Remember that an ancestor of a node x in a rooted tree is any node that lies on the path from the root to x (including x).

For example, let’s look at the following tree, which is rooted at node 1:


Let’s find the LCA of the two highlighted nodes 7 and 11. The common ancestors of these two nodes are nodes 1 and 2. Since node 2 is deeper than node 1, LCA(7,11)=2.

3. Naive Approach

3.1. Theoretical Idea

The idea of this approach is to have two pointers, one on each node. We need to move these pointers towards the root in a way that allows them to meet at the LCA.

The first thing we can notice is that these pointers should be in the same depth. In addition to that, the deeper pointer can never be the LCA. Therefore, our first step should be to keep moving the deeper pointer to its parent until the two pointers are on the same depth.

Now, we have two pointers that are on the same depth. We can keep moving both pointers towards the root one step at a time until they meet at one node. Since this node is the deepest node that our pointers can meet at, therefore, it’s the deepest common ancestor of our starting nodes, which is the LCA.

3.2. Preprocessing

In order to implement this solution, we will need to calculate the depth and the parent of each node. This can be done with a simple DFS traversal starting from the root.

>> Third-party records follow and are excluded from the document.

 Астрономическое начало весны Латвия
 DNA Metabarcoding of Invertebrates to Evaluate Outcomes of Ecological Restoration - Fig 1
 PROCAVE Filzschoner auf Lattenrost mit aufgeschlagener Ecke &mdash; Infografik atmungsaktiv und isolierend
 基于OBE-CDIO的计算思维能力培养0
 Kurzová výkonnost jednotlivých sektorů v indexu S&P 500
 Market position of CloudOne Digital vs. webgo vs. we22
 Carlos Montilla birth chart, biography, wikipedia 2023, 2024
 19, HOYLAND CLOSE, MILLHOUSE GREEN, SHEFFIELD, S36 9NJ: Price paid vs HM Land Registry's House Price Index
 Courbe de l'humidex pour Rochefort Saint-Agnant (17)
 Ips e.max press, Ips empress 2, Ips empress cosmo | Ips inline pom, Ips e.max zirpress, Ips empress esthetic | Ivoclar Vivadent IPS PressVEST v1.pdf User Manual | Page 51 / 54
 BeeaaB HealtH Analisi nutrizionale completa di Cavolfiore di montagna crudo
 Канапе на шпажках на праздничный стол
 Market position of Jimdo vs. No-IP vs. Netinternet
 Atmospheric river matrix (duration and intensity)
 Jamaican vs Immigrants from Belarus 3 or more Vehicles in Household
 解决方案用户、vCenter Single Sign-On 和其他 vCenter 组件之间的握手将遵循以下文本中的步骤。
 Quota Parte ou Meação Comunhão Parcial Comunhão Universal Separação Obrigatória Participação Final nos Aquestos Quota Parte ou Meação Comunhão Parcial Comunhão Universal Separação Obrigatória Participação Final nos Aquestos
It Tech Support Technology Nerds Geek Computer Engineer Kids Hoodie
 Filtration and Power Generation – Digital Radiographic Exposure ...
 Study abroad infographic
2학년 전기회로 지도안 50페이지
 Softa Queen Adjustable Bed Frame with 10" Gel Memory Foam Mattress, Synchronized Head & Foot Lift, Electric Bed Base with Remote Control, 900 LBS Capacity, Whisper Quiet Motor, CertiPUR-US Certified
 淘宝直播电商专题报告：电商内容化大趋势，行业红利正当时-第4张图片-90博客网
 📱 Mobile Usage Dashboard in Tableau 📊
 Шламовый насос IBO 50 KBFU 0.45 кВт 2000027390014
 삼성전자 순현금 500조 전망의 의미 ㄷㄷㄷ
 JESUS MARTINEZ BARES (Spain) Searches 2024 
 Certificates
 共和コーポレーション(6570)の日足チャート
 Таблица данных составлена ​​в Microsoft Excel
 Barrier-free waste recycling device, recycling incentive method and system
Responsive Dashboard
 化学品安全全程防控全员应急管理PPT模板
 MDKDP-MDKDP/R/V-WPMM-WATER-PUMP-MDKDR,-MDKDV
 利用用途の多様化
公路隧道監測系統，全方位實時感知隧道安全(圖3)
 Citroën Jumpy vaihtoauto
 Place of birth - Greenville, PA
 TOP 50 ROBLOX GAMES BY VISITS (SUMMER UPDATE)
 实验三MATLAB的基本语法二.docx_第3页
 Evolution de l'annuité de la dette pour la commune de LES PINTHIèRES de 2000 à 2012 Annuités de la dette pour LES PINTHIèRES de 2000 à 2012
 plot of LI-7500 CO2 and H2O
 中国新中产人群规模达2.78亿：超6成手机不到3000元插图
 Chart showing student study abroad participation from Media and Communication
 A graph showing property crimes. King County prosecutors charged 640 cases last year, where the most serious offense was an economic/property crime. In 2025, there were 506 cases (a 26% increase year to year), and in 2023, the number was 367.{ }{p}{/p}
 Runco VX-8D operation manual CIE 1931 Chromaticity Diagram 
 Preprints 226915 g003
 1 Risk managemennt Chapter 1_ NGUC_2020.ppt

algorithm DFS(v, Adj, Visited, Depth, Parent):
    // INPUT
    //    v = current node
    //    Adj = adjacency list of the tree
    //    Visited = array to track visited nodes
    //    Depth = array to store the depth of each node
    //    Parent = array to store the parent of each node
    // OUTPUT
    //    Depth and Parent arrays filled for each node

    Visited[v] <- true
    for u in Adj[v]:
        if not Visited[u]:
            Depth[u] <- Depth[v] + 1
            Parent[u] <- v
            DFS(u, Adj, Visited, Depth, Parent)

Firstly, we set the current node as visited. Secondly, we set the parent and depth of the child node before calling the function recursively for it.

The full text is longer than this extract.